外薗昌也は1961年生まれの鹿児島出身の漫画家。2004年から『週刊モーニング』などで作品を発表し、サスペンスやホラーといった緊張感のあるジャンルを得意としています。現代社会に潜む様々な恐怖や危機を題材にした作品を多く手がけており、単なる娯楽的な面白さだけでなく、ウイルスパニックや心理的な異常といった社会的・医学的なテーマに真摯に向き合う作風が特徴です。息子に漫画プロデューサーの外園史明がいます。
最も話題を集めた『
エマージング』は、新宿で発生した奇怪な変死事件をきっかけに、謎のウイルス感染の脅威が広がっていく医療サスペンス。医師らが次々と明かされる恐ろしい真実に直面する緊迫した展開が特徴です。『
犬神』は怪奇現象と人間の業を絡めた14巻完結作。『
パンプキンナイト』は独特な世界観を持つ連載作品です。『
ガールフレンド』は比較的異なるテイストを示す作品として知られます。外薗の作風は、現実味のある設定から始まりながら、徐々に非日常的な恐怖へと読み手を引き込む構成が共通。丁寧な心理描写と、医学的・科学的な監修による説得力のあるディテールが、単なる恐怖漫画を超えたリアリティをもたらしています。
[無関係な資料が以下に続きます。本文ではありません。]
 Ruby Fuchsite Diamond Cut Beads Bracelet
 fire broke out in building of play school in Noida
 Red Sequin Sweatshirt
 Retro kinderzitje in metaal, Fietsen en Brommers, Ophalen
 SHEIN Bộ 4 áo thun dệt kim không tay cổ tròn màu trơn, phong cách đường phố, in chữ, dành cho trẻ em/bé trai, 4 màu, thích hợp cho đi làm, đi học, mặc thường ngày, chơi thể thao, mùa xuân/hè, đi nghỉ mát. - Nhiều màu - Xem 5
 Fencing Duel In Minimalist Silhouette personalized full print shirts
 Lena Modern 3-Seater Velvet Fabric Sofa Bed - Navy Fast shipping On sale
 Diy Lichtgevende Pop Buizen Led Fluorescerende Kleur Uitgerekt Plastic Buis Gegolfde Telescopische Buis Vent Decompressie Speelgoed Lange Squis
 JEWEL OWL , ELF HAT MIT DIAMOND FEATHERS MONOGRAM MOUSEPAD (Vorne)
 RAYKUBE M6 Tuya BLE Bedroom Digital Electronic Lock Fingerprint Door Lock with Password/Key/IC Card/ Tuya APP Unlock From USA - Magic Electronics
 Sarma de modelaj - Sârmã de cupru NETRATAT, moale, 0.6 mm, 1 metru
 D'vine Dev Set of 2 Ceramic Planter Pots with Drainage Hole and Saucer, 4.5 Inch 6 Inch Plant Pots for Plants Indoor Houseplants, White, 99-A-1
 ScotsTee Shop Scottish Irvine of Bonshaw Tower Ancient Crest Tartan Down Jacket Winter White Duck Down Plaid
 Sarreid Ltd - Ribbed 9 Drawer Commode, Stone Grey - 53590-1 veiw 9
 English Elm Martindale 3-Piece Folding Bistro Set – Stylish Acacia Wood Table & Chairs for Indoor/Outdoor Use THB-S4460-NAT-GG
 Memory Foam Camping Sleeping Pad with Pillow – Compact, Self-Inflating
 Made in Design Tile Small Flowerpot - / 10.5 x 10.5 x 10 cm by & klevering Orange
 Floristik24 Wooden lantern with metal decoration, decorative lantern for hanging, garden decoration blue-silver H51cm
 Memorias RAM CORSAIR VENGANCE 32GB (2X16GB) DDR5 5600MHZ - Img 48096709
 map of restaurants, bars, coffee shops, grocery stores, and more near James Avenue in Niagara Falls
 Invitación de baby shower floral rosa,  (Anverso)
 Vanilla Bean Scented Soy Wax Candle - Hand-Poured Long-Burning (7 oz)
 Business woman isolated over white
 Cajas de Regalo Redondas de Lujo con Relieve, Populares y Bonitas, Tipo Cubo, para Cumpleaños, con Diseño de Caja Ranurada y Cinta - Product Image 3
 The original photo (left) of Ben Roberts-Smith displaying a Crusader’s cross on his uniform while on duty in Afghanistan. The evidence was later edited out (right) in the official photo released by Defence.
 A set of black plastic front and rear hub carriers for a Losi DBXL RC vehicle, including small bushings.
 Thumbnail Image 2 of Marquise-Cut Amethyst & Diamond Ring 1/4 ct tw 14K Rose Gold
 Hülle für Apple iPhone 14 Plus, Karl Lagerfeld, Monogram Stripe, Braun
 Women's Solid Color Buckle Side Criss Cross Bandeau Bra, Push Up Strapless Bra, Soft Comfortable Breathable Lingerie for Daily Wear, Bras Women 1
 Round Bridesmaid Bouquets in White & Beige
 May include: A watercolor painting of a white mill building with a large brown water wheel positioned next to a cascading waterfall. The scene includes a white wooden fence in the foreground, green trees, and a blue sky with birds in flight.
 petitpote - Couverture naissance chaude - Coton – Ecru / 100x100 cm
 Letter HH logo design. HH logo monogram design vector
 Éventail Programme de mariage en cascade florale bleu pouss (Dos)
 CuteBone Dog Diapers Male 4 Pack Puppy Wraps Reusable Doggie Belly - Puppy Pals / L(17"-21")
外薗昌也の作品は現代的なテーマを扱うため、大人の読者層に特に向いています。入門には、知名度と完成度を考慮すると『
エマージング』が最適。短期間の連載で完結に近い形で、サスペンス的な盛り上がりを堪能できます。次に『
犬神』へ進むと、作家の怪奇表現の幅が理解できるでしょう。複数の長編作品が連載中のため、最新刊の入手は比較的容易。各作品は独立した世界観なので、読む順序に大きな制約はありませんが、軽めの作品から始めたい場合は『
ガールフレンド』からの入門も一つの選択肢です。